The math wiz, the brain.
Showing the secret revenge plan with red yarns connecting persons, with pieces of information about each person, pinned on the wall. These are manga themes, not real-world themes.
The bully girl chewing gum, giving dirty looks to the new student, and fidgeting with her pen. That's a Manga thing, and it's done poorly. Get someone who knows how to spin a pen in there hand for real.
When the Manga theme is absent, there are still a few directing snafus from time to time:
the girl playing guitar in the first episode, it's obvious that the audio is not real. There's no background noise. It's even worse when you know that the actress playing guitar in the show, is actually a skilled piano player and a professional singer.
But the author thought that guitar is better for that particular scene.
Acting during the PE class is extremely poor. The penalty kick by the protagonist is a forced comedy scene, meant to belittle the antagonist bully.
Everybody i discussed the show with highlighted that the scenario writing (the conversations) is cheesy. Mediocre at best. The opening scene in the pilot, with the bus conversation, is meant to establish roles, from the first moment. Instead of letting the audience build their own opinions about the characters, and pick sides, the author establishes from the first scene that: this girl bad, this girl good.
I am willing to bet you a million dollars, that in the whole wide middle east, from the gulf to the ocean, there isn't a single anarchist-mind gothic-style teenage hacker girl. And if there was, her name is definitely not some archaic nomadic-culture name of "nouf", neither in her 6-degrees social circle.
You can't even find anyone called nouf today, not to mention, a gothic anarchist hacker girl.
This character should have had a name which carries a meaning and a theme of: mystery, dark and ambiguous. A name like: qamar, laila, malak, anna (and mention casually that this happens to have an arabic meaning of: a girl who moans silently).
The author might as well have called her "fahmeyye", being the brain in the group.
The casting choice of the protagonist and her best friend is spot on. But the casting of the evil girls is poor. The second girl (the red head) is obvoiusly not of high-school age. And hair extensions... a lot of hair extensions...
there are a couple of plot holes, which the author tried to mask or skipped.
How did the protagonist set up the list of girls-rooms in the school trip? Was she assigned to it? Did the group hack the school system?
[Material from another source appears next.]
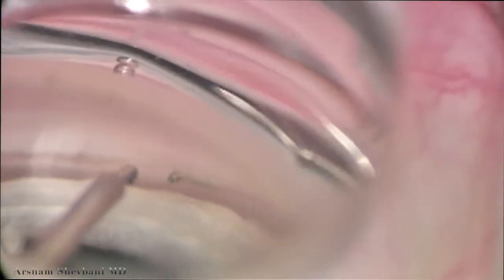Now many people might leave it this way. However, I personally don't think that these stents are going to be as efficacious in that setting. So we use a pair of micro-graspers here. We're going to reposition the stent within the lumen of the canal. Again, this is all viewed through the gonioprism, and as you can see, the optics are actually very, very good for this type of maneuver.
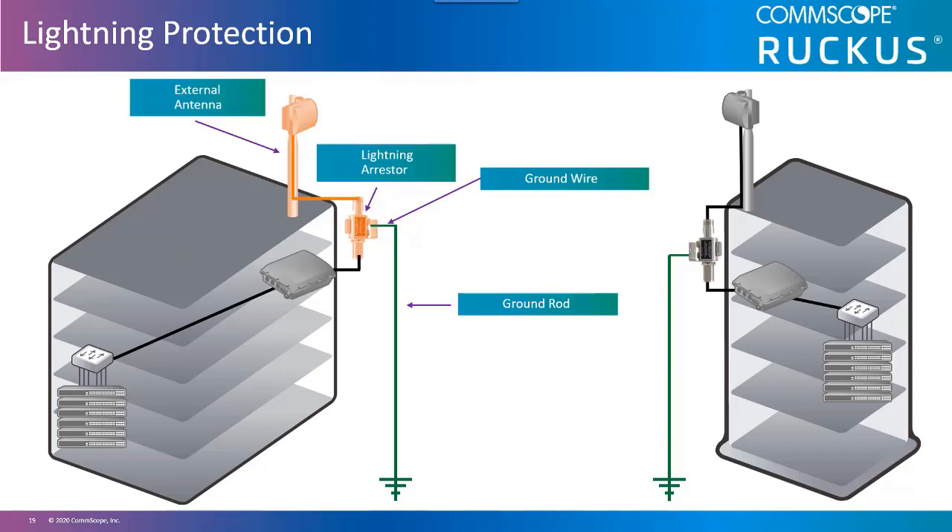The antenna cable runs to the arrestor, and the arrestor itself will need to be replaced after a strike. You must also use a good earth ground when deploying outdoors — a lightning arrestor alone is not enough. A low impedance ground wire is used to connect the lightning arrestor to the grounding rod. High voltage transient currents induced from a nearby lightning strike are shunted away from the radio into the earth ground. Remember that a lightning arrestor alone will not protect a wireless LAN system from a direct lightning strike.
No one in their right mind keeps their personal diary and their anti-depressant in their gym bag, unattended. Anti-depressants are usually 1 pill taken in the morning. They are not carried around all day. Except for anxiety pills.
On the second episode.
They dont show how the protagonist got the girls in trouble the first time, by stealing their phone conversations and playing them on public speakers.
The daughter of a very influential person would NOT serve community service under any circumstances.
Certain situations were forced, and they dont usually occur in middle eastern societies:
a college guy befriending a highschool girl, going out with her on dates, and inviting her to his private condo, only to watch a movie with her? Really?
There is like this weird funny teleportation. The show is set up as a japanese Manga, until the fanatic brother shows up and kicks the door down, then the scene suddenly teleports to jordan.
I really dont believe that such communities exist in jordan. It's all Manga, and it's being praised because it's an arab production which made it to Netflix.
A young girl in the middle east would know better than to enter a swimming pool when there's only 1 creepy old man. Where were the life guards?
On the other hand, there are a few good things about the show. Things which are so good that make the show somehow acceptable.
I like a lot how layan highlights the contrast in nouf's response to each of the 2 harassment situations. In the first, she wanted to keep it down and bury the whole incident. In the dancing club, she wanted people to support her and punish the guy. While nouf's reaction is realistic in both cases, it really makes me think why would the reaction to each harassment incident should be different?
Without episode 5, the show is just a tom-cruis-ish revenge story. Episode 5 showed you that the bully also might have a good side, a human side.
At the same time, the protagonist took it too far with her revenge plan. There might be also a subtle message there, that doing little harm to harmless kids will bring out angry vengeful grudgeful adults, who'll go as far as facilitating murder. People will think maryam is a b****, but she really is the victim of bullying.
Just like the 2014 movie "the interview" teaches us, you can't take down a high-profile popular person while they're in their prime. You can't get back at the bully while they are in their prime popularity and highest approval levels. You need to wear them down, destroy their popularity, then take them down. The show got this right.
Indirectly, the show warns teenagers about classical hackers' traps on social media. Something like "open this link". There are sadly desperate teenagers who are willing to take their risk and open that link.